» PROBLEM REQUIREMENTS:
Please restate word for word the lines of the entries below from the one with "Certified 2025 Chevrolet" to the one with "Capturi de ecran de difuzare RrredQueen", inclusive, and leave out every picture.

» RECORDS TO USE:
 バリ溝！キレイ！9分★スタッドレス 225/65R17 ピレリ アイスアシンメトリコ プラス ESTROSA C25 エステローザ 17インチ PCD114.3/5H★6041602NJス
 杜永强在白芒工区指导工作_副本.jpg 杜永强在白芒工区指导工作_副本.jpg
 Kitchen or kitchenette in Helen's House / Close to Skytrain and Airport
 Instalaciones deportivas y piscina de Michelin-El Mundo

* * *

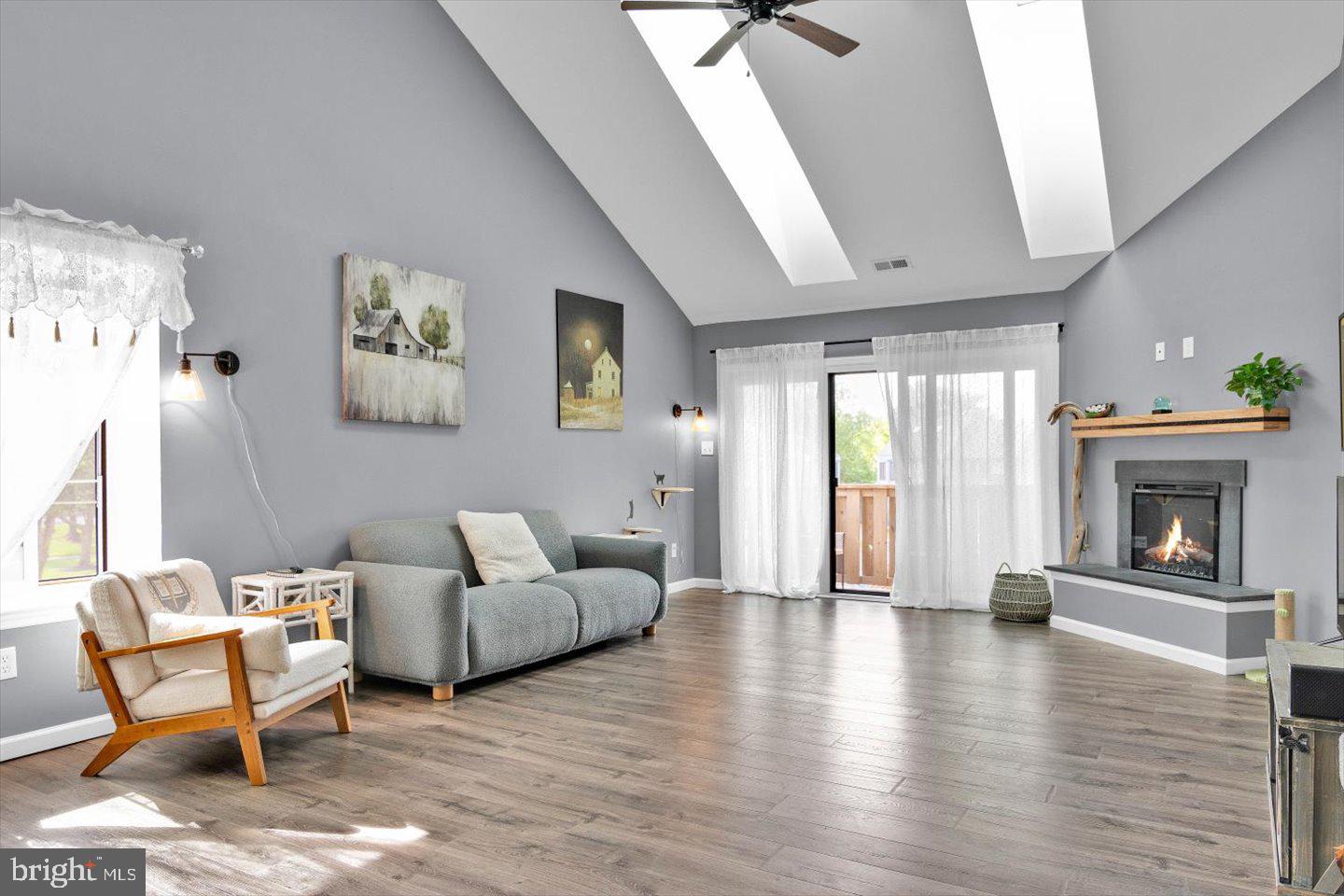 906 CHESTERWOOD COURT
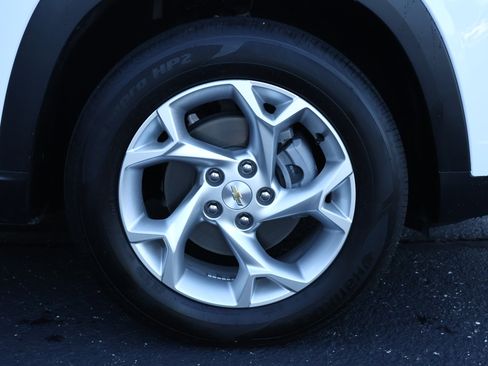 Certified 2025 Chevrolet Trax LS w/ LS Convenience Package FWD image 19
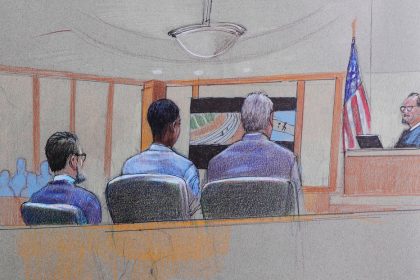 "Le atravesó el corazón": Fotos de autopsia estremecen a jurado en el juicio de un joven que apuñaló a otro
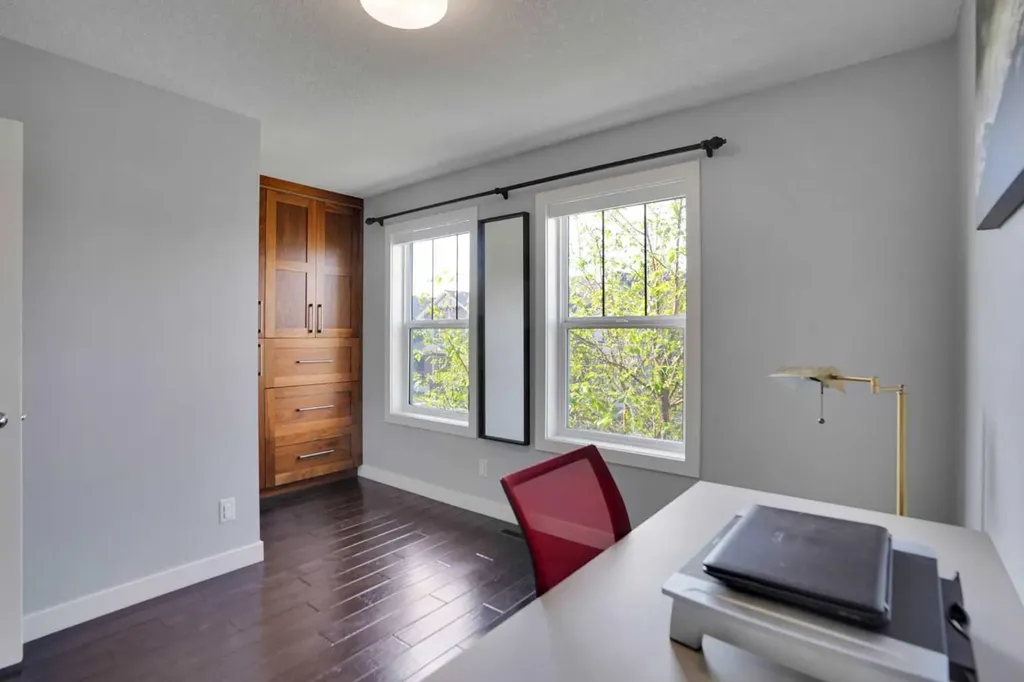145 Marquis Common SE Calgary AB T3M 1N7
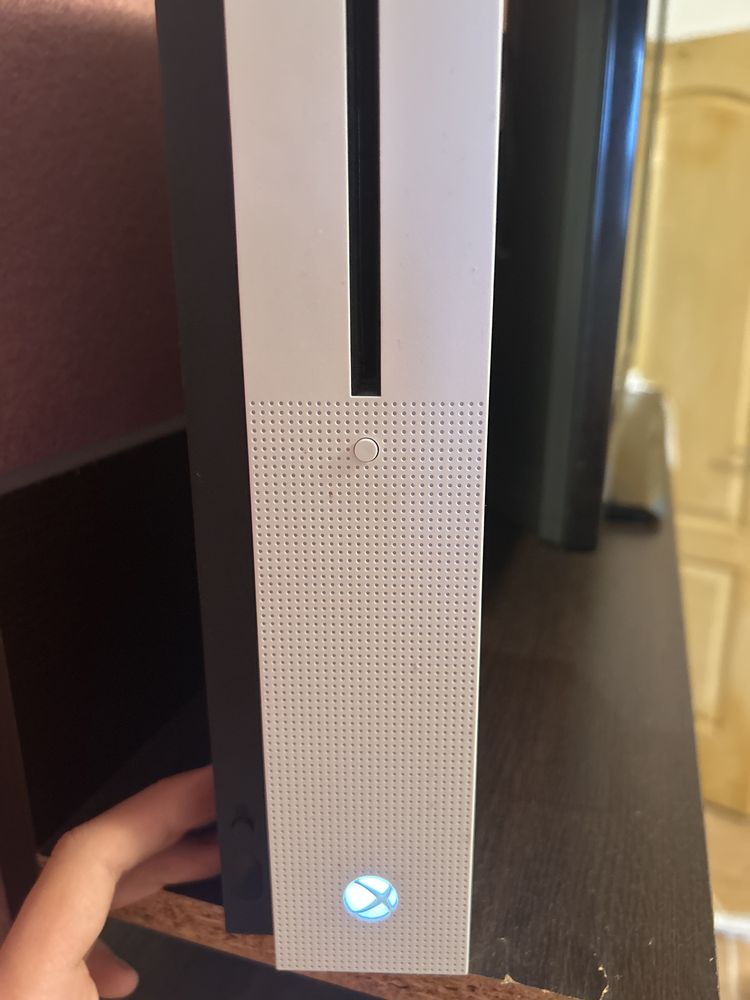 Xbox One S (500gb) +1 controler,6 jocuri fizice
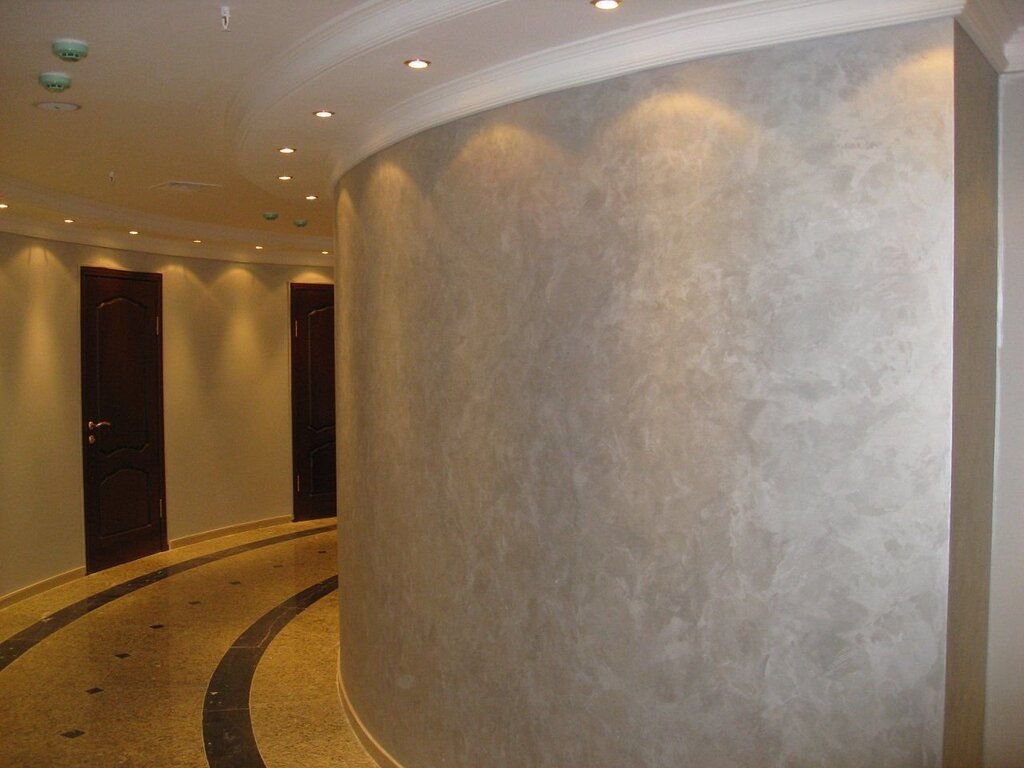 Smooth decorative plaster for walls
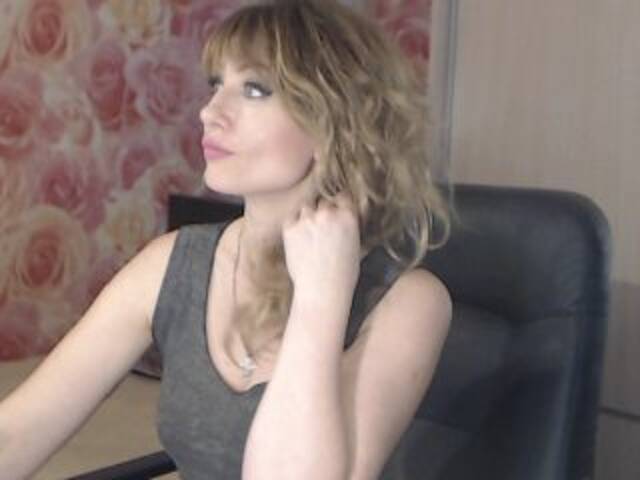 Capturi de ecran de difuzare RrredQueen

» EXERCISE SOLUTION:
 Certified 2025 Chevrolet Trax LS w/ LS Convenience Package FWD image 19
 "Le atravesó el corazón": Fotos de autopsia estremecen a jurado en el juicio de un joven que apuñaló a otro
145 Marquis Common SE Calgary AB T3M 1N7
 Xbox One S (500gb) +1 controler,6 jocuri fizice
 Smooth decorative plaster for walls
 Capturi de ecran de difuzare RrredQueen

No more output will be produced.